- _Records for this exercise_:
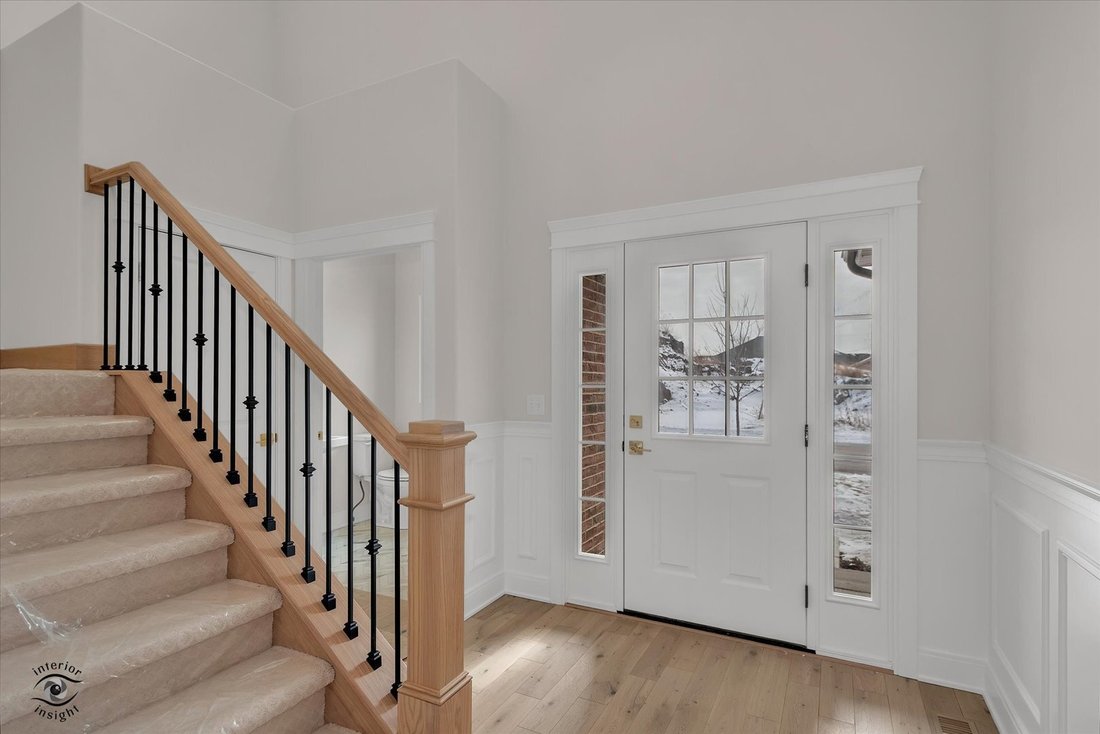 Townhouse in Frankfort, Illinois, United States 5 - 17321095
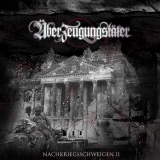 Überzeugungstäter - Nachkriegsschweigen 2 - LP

---

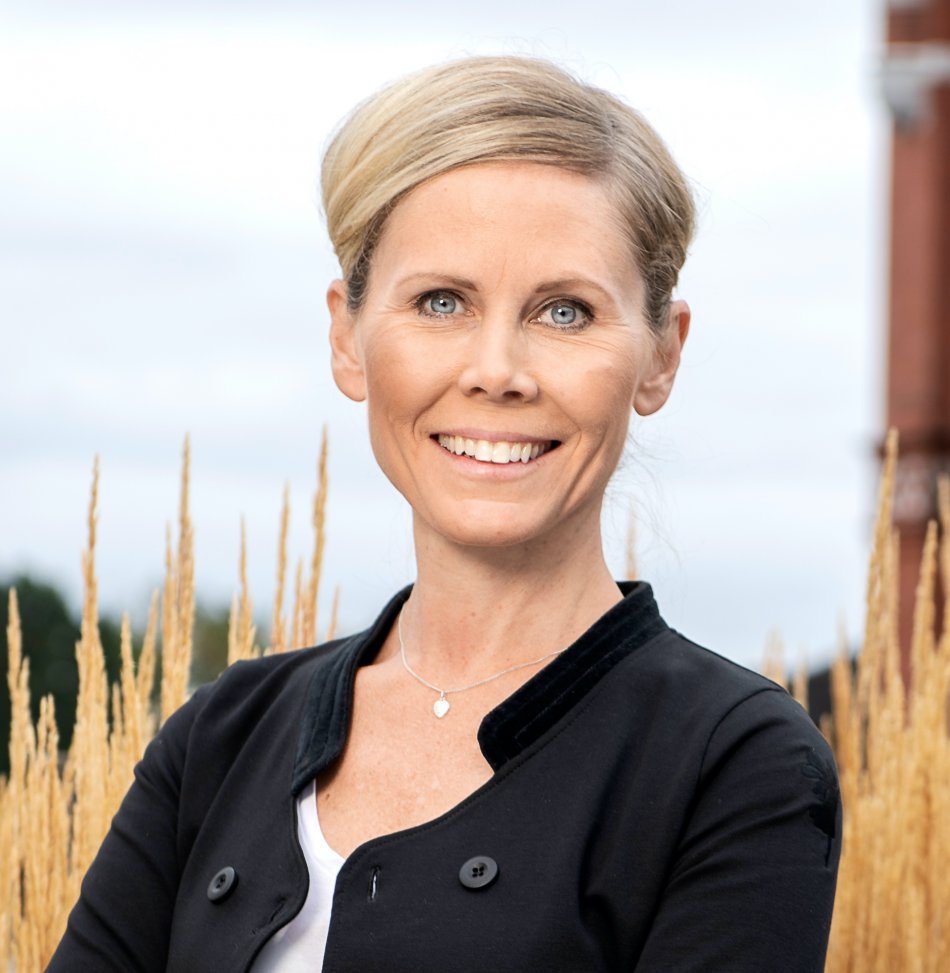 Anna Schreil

- _Task goal_: Above are some records. Reproduce the lines from the one with "Townhouse in Frankfort, Illinois, United" down to the one with "Überzeugungstäter - Nachkriegsschweigen", keeping both, and leave every picture out.

- _Output for this task_:
 Townhouse in Frankfort, Illinois, United States 5 - 17321095
 Überzeugungstäter - Nachkriegsschweigen 2 - LP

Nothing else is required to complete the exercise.